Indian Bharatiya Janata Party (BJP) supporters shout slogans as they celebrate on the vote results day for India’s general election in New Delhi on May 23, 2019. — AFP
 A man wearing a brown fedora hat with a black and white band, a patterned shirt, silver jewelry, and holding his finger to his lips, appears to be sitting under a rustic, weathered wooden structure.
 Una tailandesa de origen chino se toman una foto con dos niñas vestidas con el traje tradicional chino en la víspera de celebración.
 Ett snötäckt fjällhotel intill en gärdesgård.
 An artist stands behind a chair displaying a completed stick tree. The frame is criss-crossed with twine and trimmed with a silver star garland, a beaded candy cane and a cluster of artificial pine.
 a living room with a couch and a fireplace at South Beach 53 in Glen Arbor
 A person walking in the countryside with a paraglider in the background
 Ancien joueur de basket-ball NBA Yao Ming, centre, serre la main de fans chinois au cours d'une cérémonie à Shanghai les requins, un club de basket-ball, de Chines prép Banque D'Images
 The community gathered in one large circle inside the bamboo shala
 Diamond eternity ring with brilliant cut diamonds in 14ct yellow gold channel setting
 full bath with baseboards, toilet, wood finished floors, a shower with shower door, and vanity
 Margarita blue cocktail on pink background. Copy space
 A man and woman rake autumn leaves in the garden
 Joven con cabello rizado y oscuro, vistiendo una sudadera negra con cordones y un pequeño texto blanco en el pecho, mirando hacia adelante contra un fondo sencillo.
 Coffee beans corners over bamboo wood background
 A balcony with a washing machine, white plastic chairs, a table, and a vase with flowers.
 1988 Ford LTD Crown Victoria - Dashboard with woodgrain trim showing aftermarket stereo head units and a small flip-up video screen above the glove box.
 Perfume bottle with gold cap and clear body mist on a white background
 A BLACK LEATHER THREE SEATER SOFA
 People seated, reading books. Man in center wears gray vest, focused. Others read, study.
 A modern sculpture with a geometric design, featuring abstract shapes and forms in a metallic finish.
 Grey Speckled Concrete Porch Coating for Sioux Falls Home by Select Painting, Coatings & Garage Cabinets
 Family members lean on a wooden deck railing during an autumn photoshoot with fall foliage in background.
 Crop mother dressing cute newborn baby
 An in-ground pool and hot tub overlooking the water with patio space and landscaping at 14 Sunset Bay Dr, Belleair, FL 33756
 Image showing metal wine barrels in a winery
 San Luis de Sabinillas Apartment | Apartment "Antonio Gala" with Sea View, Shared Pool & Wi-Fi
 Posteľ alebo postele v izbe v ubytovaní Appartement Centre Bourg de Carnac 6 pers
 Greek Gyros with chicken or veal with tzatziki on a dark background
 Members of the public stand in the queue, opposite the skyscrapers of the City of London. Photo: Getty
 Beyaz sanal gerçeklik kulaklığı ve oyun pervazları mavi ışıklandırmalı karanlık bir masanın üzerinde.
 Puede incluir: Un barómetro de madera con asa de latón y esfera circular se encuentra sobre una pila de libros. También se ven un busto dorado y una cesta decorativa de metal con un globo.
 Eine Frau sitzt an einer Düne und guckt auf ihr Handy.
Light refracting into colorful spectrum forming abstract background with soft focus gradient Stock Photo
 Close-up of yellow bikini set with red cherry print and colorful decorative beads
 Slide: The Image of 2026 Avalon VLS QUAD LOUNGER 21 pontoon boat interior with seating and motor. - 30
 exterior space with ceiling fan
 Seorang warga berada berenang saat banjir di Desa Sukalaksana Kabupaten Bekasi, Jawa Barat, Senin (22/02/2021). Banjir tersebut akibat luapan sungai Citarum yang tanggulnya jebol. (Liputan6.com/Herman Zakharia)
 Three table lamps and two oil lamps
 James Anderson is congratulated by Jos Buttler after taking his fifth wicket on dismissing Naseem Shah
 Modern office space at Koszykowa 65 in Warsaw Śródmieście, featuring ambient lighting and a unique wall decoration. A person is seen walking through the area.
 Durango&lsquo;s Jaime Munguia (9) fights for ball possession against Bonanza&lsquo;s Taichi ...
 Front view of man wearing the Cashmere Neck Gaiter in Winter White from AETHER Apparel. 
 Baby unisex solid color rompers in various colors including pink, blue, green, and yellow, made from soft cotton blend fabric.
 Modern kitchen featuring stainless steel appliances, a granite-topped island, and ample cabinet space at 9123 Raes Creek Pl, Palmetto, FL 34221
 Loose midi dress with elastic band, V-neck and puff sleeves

» **Aim of the exercise**:
The full set of records must be output again exactly.

» **Task answer**:
Indian Bharatiya Janata Party (BJP) supporters shout slogans as they celebrate on the vote results day for India’s general election in New Delhi on May 23, 2019. — AFP
 A man wearing a brown fedora hat with a black and white band, a patterned shirt, silver jewelry, and holding his finger to his lips, appears to be sitting under a rustic, weathered wooden structure.
 Una tailandesa de origen chino se toman una foto con dos niñas vestidas con el traje tradicional chino en la víspera de celebración.
 Ett snötäckt fjällhotel intill en gärdesgård.
 An artist stands behind a chair displaying a completed stick tree. The frame is criss-crossed with twine and trimmed with a silver star garland, a beaded candy cane and a cluster of artificial pine.
 a living room with a couch and a fireplace at South Beach 53 in Glen Arbor
 A person walking in the countryside with a paraglider in the background
 Ancien joueur de basket-ball NBA Yao Ming, centre, serre la main de fans chinois au cours d'une cérémonie à Shanghai les requins, un club de basket-ball, de Chines prép Banque D'Images
 The community gathered in one large circle inside the bamboo shala
 Diamond eternity ring with brilliant cut diamonds in 14ct yellow gold channel setting
 full bath with baseboards, toilet, wood finished floors, a shower with shower door, and vanity
 Margarita blue cocktail on pink background. Copy space
 A man and woman rake autumn leaves in the garden
 Joven con cabello rizado y oscuro, vistiendo una sudadera negra con cordones y un pequeño texto blanco en el pecho, mirando hacia adelante contra un fondo sencillo.
 Coffee beans corners over bamboo wood background
 A balcony with a washing machine, white plastic chairs, a table, and a vase with flowers.
 1988 Ford LTD Crown Victoria - Dashboard with woodgrain trim showing aftermarket stereo head units and a small flip-up video screen above the glove box.
 Perfume bottle with gold cap and clear body mist on a white background
 A BLACK LEATHER THREE SEATER SOFA
 People seated, reading books. Man in center wears gray vest, focused. Others read, study.
 A modern sculpture with a geometric design, featuring abstract shapes and forms in a metallic finish.
 Grey Speckled Concrete Porch Coating for Sioux Falls Home by Select Painting, Coatings & Garage Cabinets
 Family members lean on a wooden deck railing during an autumn photoshoot with fall foliage in background.
 Crop mother dressing cute newborn baby
 An in-ground pool and hot tub overlooking the water with patio space and landscaping at 14 Sunset Bay Dr, Belleair, FL 33756
 Image showing metal wine barrels in a winery
 San Luis de Sabinillas Apartment | Apartment "Antonio Gala" with Sea View, Shared Pool & Wi-Fi
 Posteľ alebo postele v izbe v ubytovaní Appartement Centre Bourg de Carnac 6 pers
 Greek Gyros with chicken or veal with tzatziki on a dark background
 Members of the public stand in the queue, opposite the skyscrapers of the City of London. Photo: Getty
 Beyaz sanal gerçeklik kulaklığı ve oyun pervazları mavi ışıklandırmalı karanlık bir masanın üzerinde.
 Puede incluir: Un barómetro de madera con asa de latón y esfera circular se encuentra sobre una pila de libros. También se ven un busto dorado y una cesta decorativa de metal con un globo.
 Eine Frau sitzt an einer Düne und guckt auf ihr Handy.
Light refracting into colorful spectrum forming abstract background with soft focus gradient Stock Photo
 Close-up of yellow bikini set with red cherry print and colorful decorative beads
 Slide: The Image of 2026 Avalon VLS QUAD LOUNGER 21 pontoon boat interior with seating and motor. - 30
 exterior space with ceiling fan
 Seorang warga berada berenang saat banjir di Desa Sukalaksana Kabupaten Bekasi, Jawa Barat, Senin (22/02/2021). Banjir tersebut akibat luapan sungai Citarum yang tanggulnya jebol. (Liputan6.com/Herman Zakharia)
 Three table lamps and two oil lamps
 James Anderson is congratulated by Jos Buttler after taking his fifth wicket on dismissing Naseem Shah
 Modern office space at Koszykowa 65 in Warsaw Śródmieście, featuring ambient lighting and a unique wall decoration. A person is seen walking through the area.
 Durango&lsquo;s Jaime Munguia (9) fights for ball possession against Bonanza&lsquo;s Taichi ...
 Front view of man wearing the Cashmere Neck Gaiter in Winter White from AETHER Apparel. 
 Baby unisex solid color rompers in various colors including pink, blue, green, and yellow, made from soft cotton blend fabric.
 Modern kitchen featuring stainless steel appliances, a granite-topped island, and ample cabinet space at 9123 Raes Creek Pl, Palmetto, FL 34221
 Loose midi dress with elastic band, V-neck and puff sleeves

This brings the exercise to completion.